Mar. 2—The Mira Monte girls soccer team used a familiar formula on Tuesday, and as a result the team is playing in the Northern California Regional semifinals.

The Lions' leading scorers, senior forward Angie Rodriguez and sophomore midfielder Kim Ledezma each had first-half goals, something that has become a regular occurrence for No. 5 Mira Monte, and the team's reliable defense took care of the rest, posting a 2-1 victory at No. 4 Exeter, the Central Section Division III champion.

Now Mira Monte's magical season shifts to another road test, this time a 3 p.m. match-up at top-seeded San Francisco-University on Thursday. The team bus was scheduled to leave the school at 6 a.m. Thursday morning.

"I really think that the way we are playing ... I know we're playing a good team, but we're going up there to win the game," Mira Monte head coach Miguel Rico said. "We can't just say we're going to go just for the trip."

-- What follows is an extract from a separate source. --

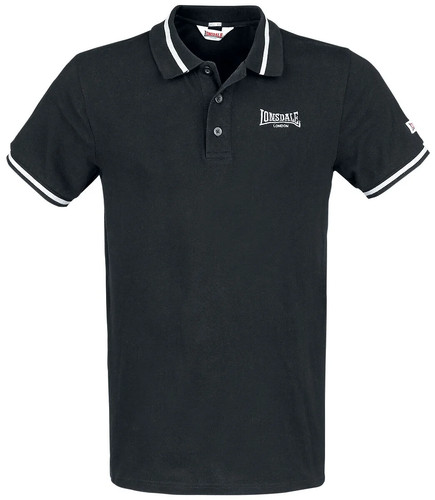 Lonsdale london poloshirt - lonsdale,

Rodriguez now has 46 goals in 28 games this season, and has added 22 assists to tally 114, both school records. Ledezma, who is joined on the team by sisters, senior Alexa and freshman Yoselin, controls the offense and Rico considers her the heart of the team. She as 20 goals and 22 assists

The dynamic scoring duo is just part of an amazing turnaround for a team that won just six games last season and finished a distant fifth in Southeast Yosemite League play in Rico's first season as Mira Monte head coach.

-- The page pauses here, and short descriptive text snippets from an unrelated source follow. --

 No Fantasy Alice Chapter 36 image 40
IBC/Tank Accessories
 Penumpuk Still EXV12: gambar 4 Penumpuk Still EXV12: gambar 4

The disappointing finish set in motion a complete overhaul from a preparation standpoint. The Lions increased its weight-training efforts and several of the players began playing in off-season leagues, according to Rico. With just two players with club experience, that was imperative.

"I always say when you're going in that first year is mostly a transition year because you have to let the girls know this is how we want to play," Rico said. "And if they're used to another coach, they have to adapt to a different style of game, different discipline and you have to get the girls to play together."

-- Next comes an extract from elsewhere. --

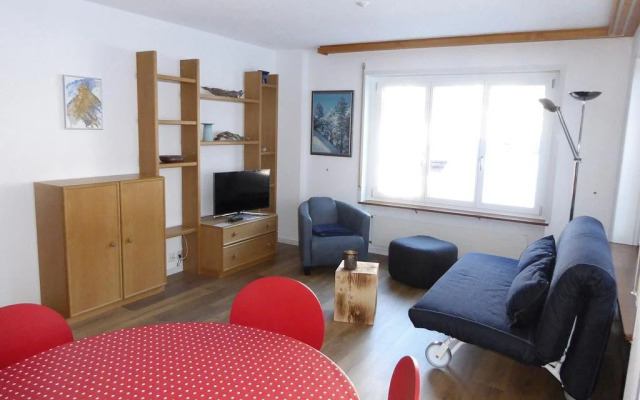 Haus Bodmen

The transformation has led to results never seen in the school's girls soccer program.

The Lions enter Tuesday's play with a 26-2-3 record — the most victories in school history, a season that includes an undefeated run through South Yosemite Horizon League, and the program's first Central Section championship and state playoff victory.

The team has done so with a balanced attack featuring plenty of scoring and a defense that has registered 20 shutouts, a credit to the team's goalkeeper Jaay Galeas, and defenders Alexa Ledezma, Brianna Sanchez, Izel Herrera and Jenny Gonzalez, among others

The defensive success also has benefitted from the Lions' ability to control the ball on offense, something Rico and his coaching staff have preached all season.

"The best defense so they don't score on us is ball possession," Rico said. "If you have the ball on offense, the other team's not going to be able to score on you."

Rico is also quick to share his success with his assistant coaches Moises Rodriguez and Celia Rangel, and trainer Sam Patton.

"I have a good group of people behind me," said Rico, who previously coached at Golden Valley and Ridgeview before coming to Mira Monte six years ago as a JV coach. "We're all head coaches. On paper, I'm the head coach, but I look at them as my equals and whatever decisions we want to make, we're all three together."

Now the Lions will look to extend their season. A victory on Thursday would push the team into Saturday's NorCal title game, which would be hosted by the winner of the other semifinal, No. 3 Redding-University Prep and No. 2 Colfax.

"We've already made history, winning our first league title, winning Valley and then defeating the D-III champion as a Division V team," Rico said. "We have to go up, and in our mind we're going to play our game and try to play them as well as we can."